Records excerpted from a collection

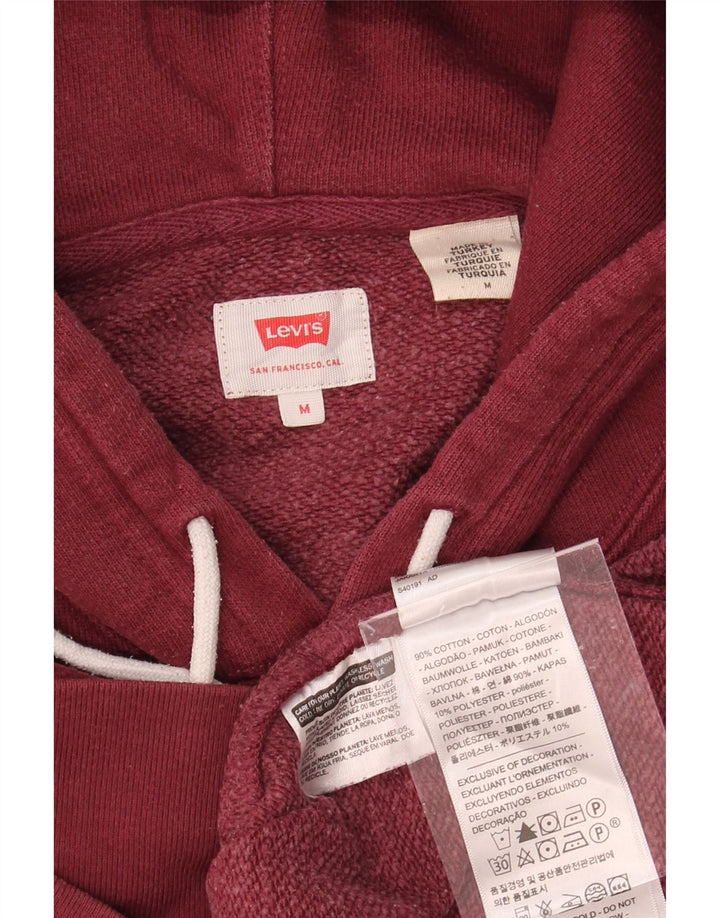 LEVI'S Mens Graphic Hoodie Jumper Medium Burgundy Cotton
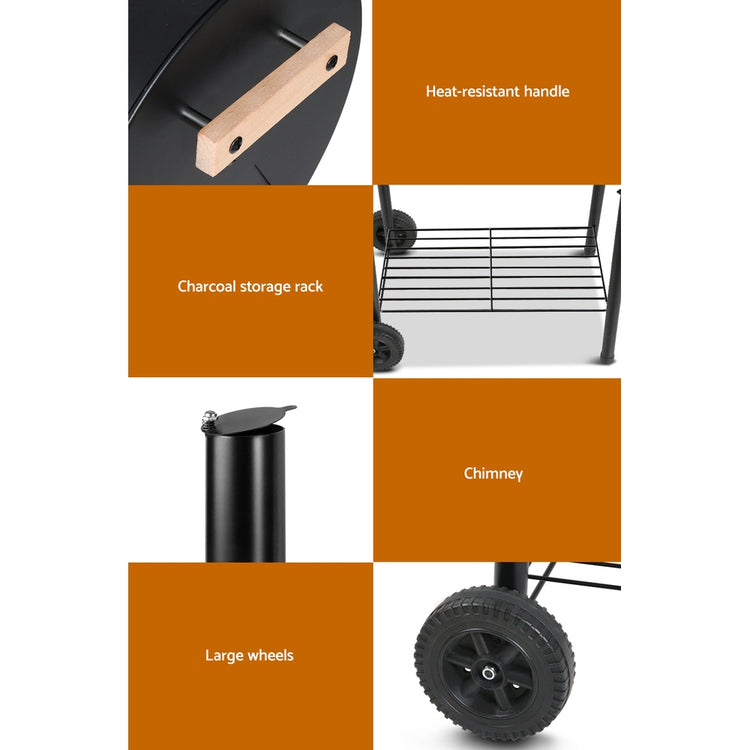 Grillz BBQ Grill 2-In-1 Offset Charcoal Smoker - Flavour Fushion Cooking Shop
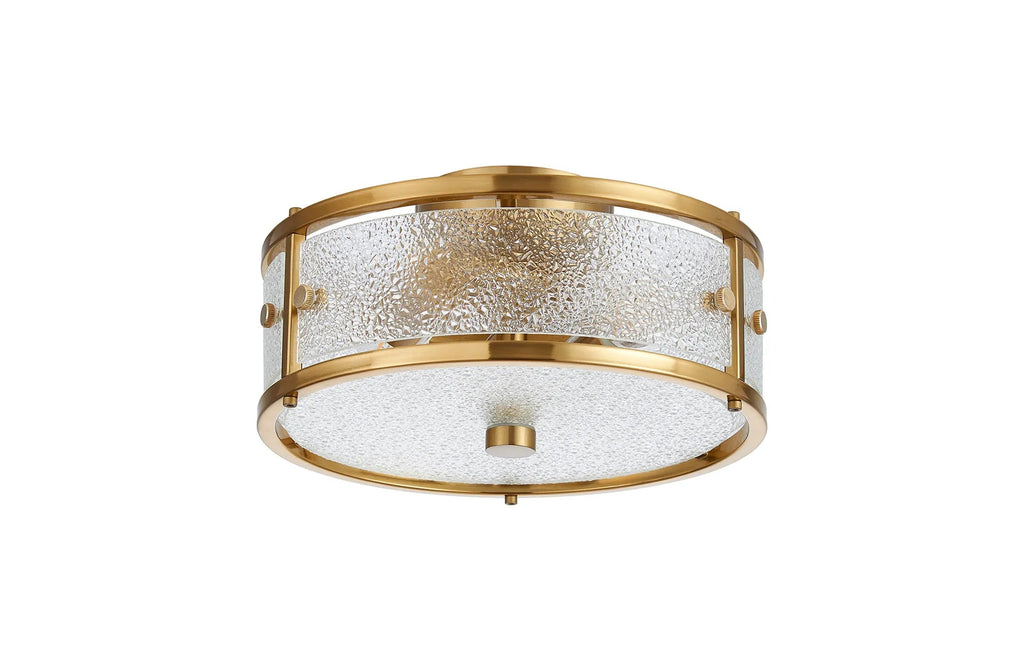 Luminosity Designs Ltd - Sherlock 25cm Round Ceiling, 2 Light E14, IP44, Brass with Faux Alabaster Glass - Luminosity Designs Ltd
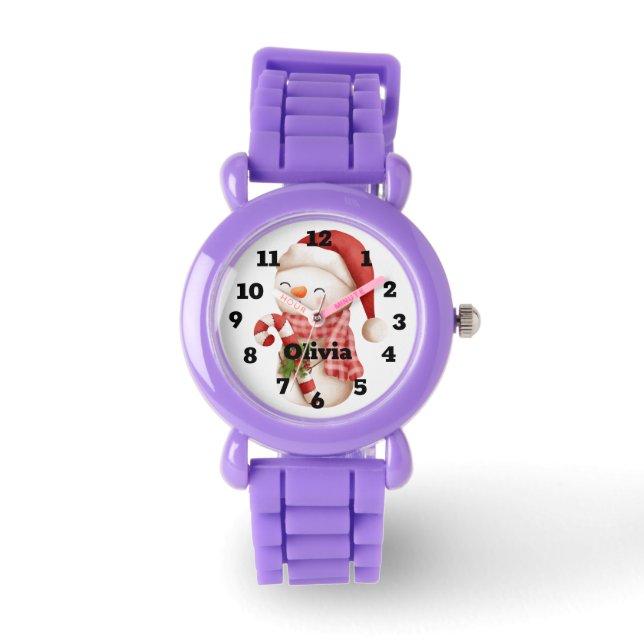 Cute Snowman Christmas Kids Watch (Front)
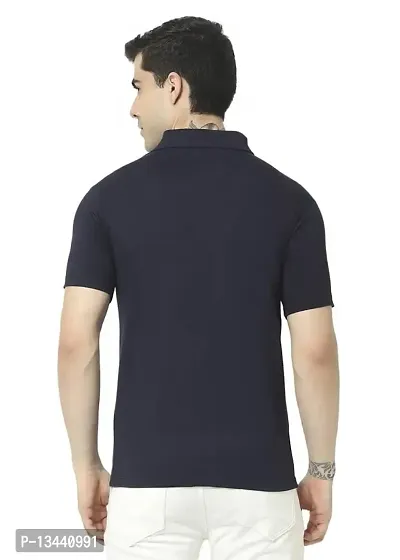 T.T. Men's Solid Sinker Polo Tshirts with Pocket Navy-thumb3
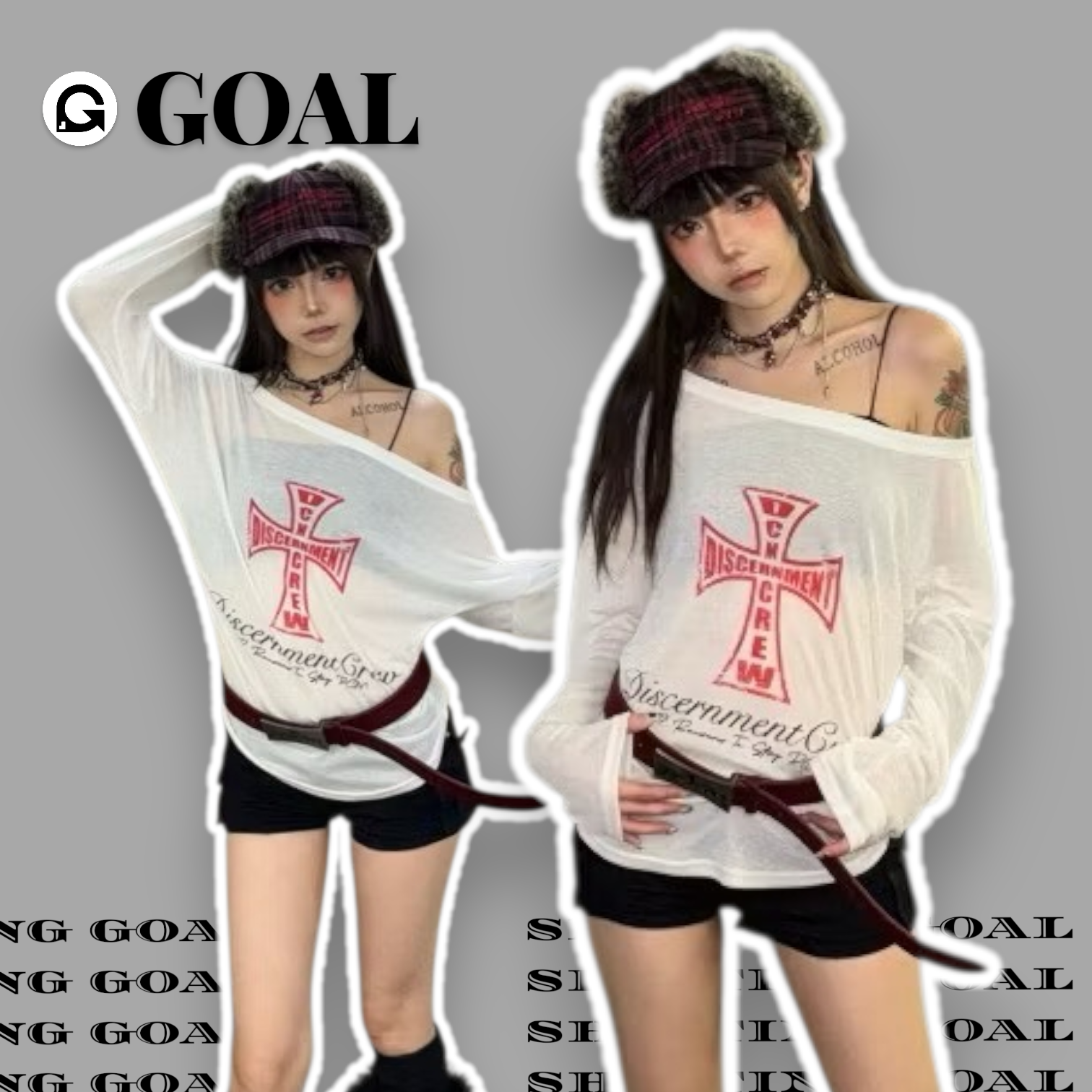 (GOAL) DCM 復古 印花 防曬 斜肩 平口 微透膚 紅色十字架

WHAT THIS TASK INVOLVES: Reproduce exactly and only the lines from the line that contains "Grillz BBQ Grill" to the end of the data above, both ends included. No pictures go in the copy.

EXPECTED ANSWER:
 Grillz BBQ Grill 2-In-1 Offset Charcoal Smoker - Flavour Fushion Cooking Shop
 Luminosity Designs Ltd - Sherlock 25cm Round Ceiling, 2 Light E14, IP44, Brass with Faux Alabaster Glass - Luminosity Designs Ltd
 Cute Snowman Christmas Kids Watch (Front)
 T.T. Men's Solid Sinker Polo Tshirts with Pocket Navy-thumb3
 (GOAL) DCM 復古 印花 防曬 斜肩 平口 微透膚 紅色十字架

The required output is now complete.